This article reveals only a tip of the monstrous iceberg of cruel and inhumane punishment inflicted on women by the neocolonial order. Because of space limitations, I can only select the following cases and urge everyone committed to justice and human dignity to demand their immediate release and indemnification for unspeakable afflictions suffered over the years.
1. Vanessa de los Reyes, 27 years old, critically wounded in an encounter with the military in Davao Oriental in May 2011; subjected to heavy interrogation, now under hospital arrest due to a spinal surgery resulting in body paralysis.
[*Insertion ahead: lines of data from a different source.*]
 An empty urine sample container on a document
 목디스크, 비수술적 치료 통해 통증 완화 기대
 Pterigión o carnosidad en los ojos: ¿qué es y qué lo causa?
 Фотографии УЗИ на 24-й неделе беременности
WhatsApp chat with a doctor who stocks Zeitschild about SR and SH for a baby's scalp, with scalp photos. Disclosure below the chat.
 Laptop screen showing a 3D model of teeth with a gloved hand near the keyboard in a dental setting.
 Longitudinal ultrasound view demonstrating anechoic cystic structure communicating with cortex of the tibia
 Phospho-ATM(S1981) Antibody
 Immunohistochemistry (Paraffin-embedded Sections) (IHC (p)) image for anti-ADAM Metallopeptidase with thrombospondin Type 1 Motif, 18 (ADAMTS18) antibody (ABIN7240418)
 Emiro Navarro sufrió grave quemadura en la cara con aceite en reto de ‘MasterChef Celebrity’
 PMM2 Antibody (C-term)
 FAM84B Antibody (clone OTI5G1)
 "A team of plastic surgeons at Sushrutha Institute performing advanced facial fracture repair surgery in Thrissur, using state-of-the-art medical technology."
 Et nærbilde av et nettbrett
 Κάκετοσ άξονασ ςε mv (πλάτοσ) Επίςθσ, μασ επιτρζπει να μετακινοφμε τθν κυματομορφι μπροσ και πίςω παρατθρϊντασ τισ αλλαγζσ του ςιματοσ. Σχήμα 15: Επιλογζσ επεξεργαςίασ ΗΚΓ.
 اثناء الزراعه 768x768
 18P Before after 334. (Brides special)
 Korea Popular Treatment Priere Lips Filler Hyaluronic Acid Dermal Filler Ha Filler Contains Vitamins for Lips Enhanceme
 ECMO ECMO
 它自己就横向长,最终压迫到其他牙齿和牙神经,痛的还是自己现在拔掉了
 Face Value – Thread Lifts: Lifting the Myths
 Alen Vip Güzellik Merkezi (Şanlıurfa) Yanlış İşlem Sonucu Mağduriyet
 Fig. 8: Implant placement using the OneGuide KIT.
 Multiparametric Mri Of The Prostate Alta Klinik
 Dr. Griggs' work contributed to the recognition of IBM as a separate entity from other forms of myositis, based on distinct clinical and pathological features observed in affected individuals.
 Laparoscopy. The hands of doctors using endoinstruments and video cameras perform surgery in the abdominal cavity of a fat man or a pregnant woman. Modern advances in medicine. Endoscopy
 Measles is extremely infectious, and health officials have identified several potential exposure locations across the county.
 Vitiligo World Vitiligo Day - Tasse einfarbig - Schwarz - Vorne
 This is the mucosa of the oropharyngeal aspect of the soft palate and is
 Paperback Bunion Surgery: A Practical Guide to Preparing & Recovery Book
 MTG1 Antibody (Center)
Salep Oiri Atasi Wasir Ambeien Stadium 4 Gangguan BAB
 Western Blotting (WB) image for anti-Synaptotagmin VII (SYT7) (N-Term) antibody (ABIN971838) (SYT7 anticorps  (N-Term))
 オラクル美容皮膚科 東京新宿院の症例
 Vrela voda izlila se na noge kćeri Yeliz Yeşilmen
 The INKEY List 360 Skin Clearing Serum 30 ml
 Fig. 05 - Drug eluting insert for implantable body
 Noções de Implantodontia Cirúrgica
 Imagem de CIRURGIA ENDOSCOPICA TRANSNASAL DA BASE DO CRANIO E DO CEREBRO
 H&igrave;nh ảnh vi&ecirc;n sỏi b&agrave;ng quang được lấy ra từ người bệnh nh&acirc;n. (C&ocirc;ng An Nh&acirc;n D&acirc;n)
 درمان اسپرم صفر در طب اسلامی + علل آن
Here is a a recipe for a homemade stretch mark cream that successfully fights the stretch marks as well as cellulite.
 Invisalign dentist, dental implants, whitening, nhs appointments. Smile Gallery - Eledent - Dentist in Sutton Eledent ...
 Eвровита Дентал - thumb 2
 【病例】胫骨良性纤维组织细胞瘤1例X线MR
2. Maricon Montajes, 21 years old, a film student at the University of the Philippines; a photographer documenting peasant life; arrested in Batangas in June 2010; wounded by military gunfire; interrogated and abused.
3. Charity Dinio, 31 years old, a teacher and volunteer organizer of a peasant organization in Batangas. Detained for two weeks by the military, she was beaten up and subjected to electric shocks. She writes: "Worse, they undressed me and laughed at my nakedness and humiliation The torture was a nightmare... I was deprived of due process and condemned despite the lack of evidence. Working with the farmers is now a criminal act. In jail, political prisoners are considered criminals. We are in detention cells with inmates charged with common crimes. This is part of the government's modus operandi to hide political prisoners so they may claim that there are no political prisoners in the country today" (New Brunswick Media Coop, Canada; <http://nbmediacoop.org/2013/05/16/cupe-members-send-letters/>)
4. Joverlyn Tawa-ay, 26 years old, accused of being a NPA guerilla; member of the Manobo tribe from Surigao Sur; charged with rebellion; forced to admit her guilt and convicted to suffer in jail for 12-14 years.
5. Lucy Canda, 46 years old, also from Surigao Sur and convicted for being an NPA member, sentenced to 12-14 years in jail.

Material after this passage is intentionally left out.